◆ Action item
Within the data that follows, set down exactly the lines from the one containing "Benutzerhandbuch für GoveeLife" through the one containing "25' Platinum Elite", both ends included.

---- Data for the task

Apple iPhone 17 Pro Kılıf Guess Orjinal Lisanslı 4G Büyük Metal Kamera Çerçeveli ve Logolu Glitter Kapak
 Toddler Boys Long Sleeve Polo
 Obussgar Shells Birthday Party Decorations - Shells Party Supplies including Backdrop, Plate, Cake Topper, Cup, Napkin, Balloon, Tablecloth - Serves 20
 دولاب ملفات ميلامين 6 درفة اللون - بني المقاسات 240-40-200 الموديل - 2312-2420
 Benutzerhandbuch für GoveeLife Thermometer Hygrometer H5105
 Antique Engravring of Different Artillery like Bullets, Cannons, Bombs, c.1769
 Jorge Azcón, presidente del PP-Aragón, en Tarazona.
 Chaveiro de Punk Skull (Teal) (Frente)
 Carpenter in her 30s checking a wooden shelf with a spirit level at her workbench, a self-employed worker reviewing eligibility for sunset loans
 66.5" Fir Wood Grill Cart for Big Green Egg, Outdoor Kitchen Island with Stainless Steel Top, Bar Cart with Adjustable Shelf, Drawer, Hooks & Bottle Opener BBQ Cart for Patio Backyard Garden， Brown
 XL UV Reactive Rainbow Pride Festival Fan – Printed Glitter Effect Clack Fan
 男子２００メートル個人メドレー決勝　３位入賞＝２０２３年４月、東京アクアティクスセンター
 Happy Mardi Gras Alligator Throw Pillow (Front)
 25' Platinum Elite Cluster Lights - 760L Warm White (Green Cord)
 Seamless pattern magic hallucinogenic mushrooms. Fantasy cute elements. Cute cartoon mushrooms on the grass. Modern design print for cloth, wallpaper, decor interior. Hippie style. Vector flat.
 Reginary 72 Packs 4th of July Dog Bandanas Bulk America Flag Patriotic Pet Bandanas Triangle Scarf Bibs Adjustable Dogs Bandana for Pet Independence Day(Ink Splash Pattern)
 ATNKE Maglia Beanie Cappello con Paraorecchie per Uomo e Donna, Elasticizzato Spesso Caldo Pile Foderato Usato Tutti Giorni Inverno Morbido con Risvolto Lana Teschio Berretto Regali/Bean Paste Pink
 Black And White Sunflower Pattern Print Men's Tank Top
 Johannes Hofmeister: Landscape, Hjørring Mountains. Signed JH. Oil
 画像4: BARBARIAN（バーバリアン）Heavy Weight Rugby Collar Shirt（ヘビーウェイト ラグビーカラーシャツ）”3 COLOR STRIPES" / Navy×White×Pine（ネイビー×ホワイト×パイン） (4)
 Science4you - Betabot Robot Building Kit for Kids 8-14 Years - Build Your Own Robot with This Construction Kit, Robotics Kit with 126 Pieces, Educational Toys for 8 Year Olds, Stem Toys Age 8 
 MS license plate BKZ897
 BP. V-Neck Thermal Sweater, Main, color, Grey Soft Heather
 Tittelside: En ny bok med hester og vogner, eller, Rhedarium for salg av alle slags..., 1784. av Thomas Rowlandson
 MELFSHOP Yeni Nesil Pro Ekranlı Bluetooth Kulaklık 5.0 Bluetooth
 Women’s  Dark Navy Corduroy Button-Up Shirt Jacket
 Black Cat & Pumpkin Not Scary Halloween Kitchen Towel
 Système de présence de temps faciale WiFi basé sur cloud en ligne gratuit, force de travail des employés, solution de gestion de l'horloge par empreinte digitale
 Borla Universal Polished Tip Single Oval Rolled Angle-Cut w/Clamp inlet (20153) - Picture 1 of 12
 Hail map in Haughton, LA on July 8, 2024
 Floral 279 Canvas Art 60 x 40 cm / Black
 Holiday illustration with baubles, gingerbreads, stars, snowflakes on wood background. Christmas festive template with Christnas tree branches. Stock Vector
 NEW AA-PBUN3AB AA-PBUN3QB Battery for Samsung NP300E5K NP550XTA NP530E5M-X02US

--------

◆ Completed exercise
 Benutzerhandbuch für GoveeLife Thermometer Hygrometer H5105
 Antique Engravring of Different Artillery like Bullets, Cannons, Bombs, c.1769
 Jorge Azcón, presidente del PP-Aragón, en Tarazona.
 Chaveiro de Punk Skull (Teal) (Frente)
 Carpenter in her 30s checking a wooden shelf with a spirit level at her workbench, a self-employed worker reviewing eligibility for sunset loans
 66.5" Fir Wood Grill Cart for Big Green Egg, Outdoor Kitchen Island with Stainless Steel Top, Bar Cart with Adjustable Shelf, Drawer, Hooks & Bottle Opener BBQ Cart for Patio Backyard Garden， Brown
 XL UV Reactive Rainbow Pride Festival Fan – Printed Glitter Effect Clack Fan
 男子２００メートル個人メドレー決勝　３位入賞＝２０２３年４月、東京アクアティクスセンター
 Happy Mardi Gras Alligator Throw Pillow (Front)
 25' Platinum Elite Cluster Lights - 760L Warm White (Green Cord)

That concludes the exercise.